## Assignment
Exact copy, pictures excluded: reproduce every record below.

(Provided records begins)

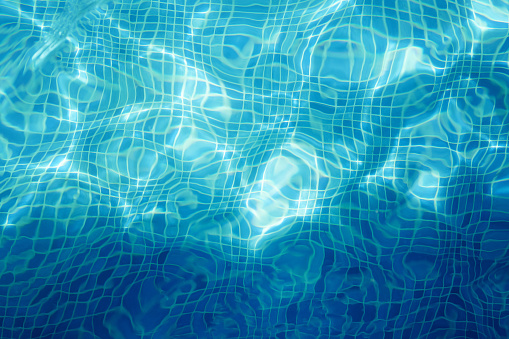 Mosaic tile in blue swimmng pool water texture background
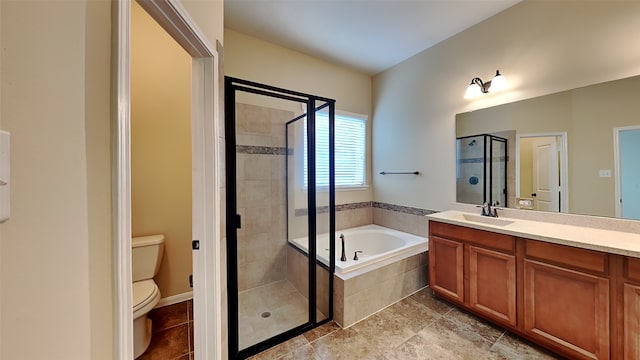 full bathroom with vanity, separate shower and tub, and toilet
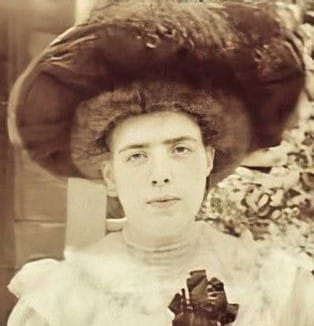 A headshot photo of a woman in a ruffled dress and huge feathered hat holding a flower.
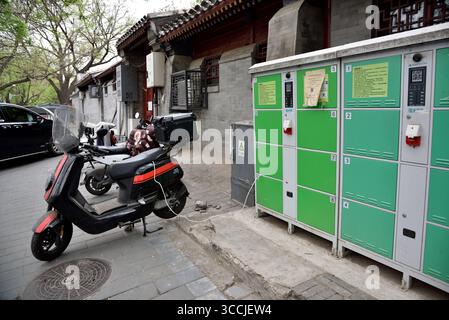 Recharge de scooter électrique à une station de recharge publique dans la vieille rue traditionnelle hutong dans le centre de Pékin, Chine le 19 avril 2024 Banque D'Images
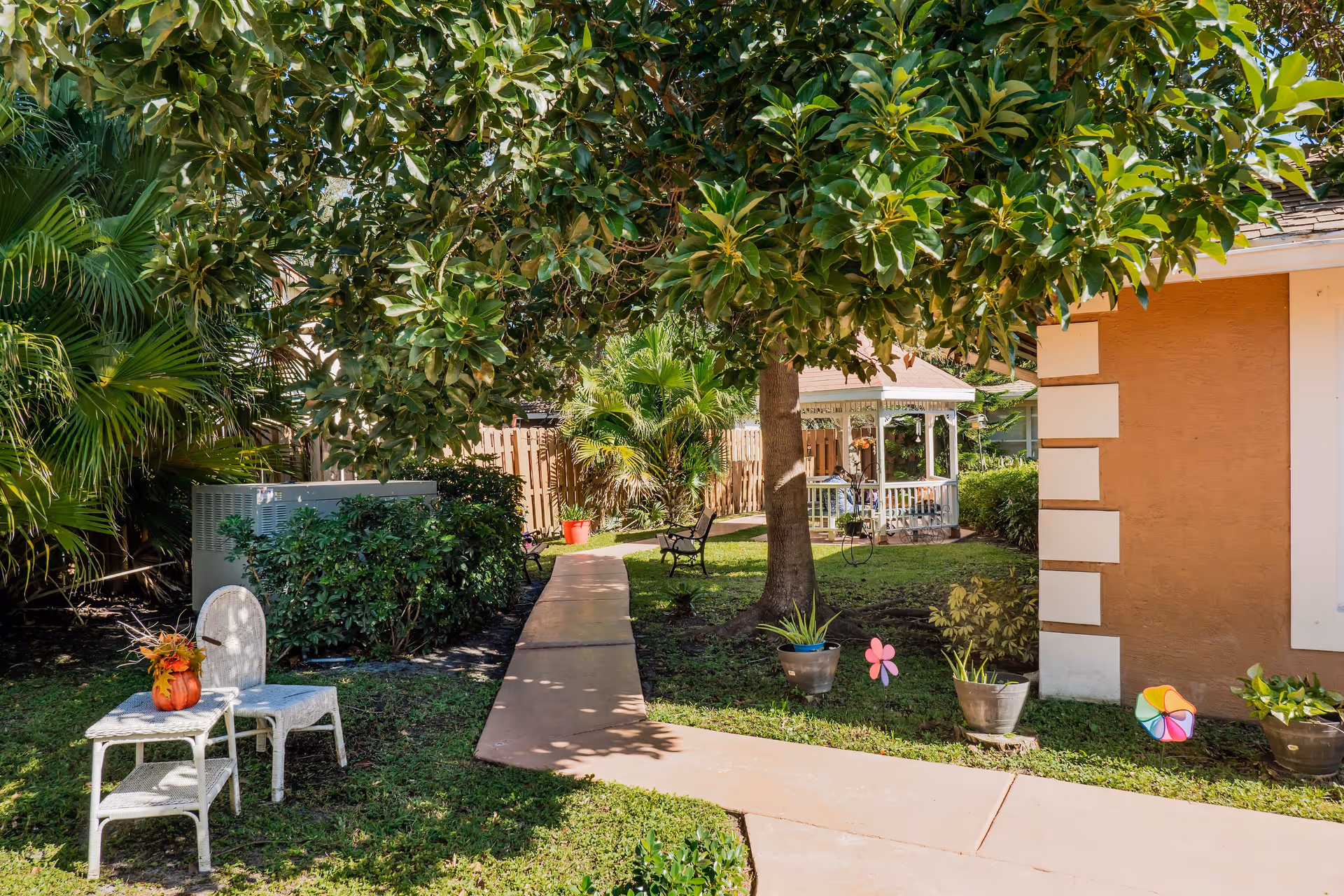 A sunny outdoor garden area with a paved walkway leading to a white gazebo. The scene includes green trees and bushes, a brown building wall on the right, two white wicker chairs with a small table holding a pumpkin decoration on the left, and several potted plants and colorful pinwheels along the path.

(Provided records ends)

## Reply to the exercise
 Mosaic tile in blue swimmng pool water texture background
 full bathroom with vanity, separate shower and tub, and toilet
 A headshot photo of a woman in a ruffled dress and huge feathered hat holding a flower.
 Recharge de scooter électrique à une station de recharge publique dans la vieille rue traditionnelle hutong dans le centre de Pékin, Chine le 19 avril 2024 Banque D'Images
 A sunny outdoor garden area with a paved walkway leading to a white gazebo. The scene includes green trees and bushes, a brown building wall on the right, two white wicker chairs with a small table holding a pumpkin decoration on the left, and several potted plants and colorful pinwheels along the path.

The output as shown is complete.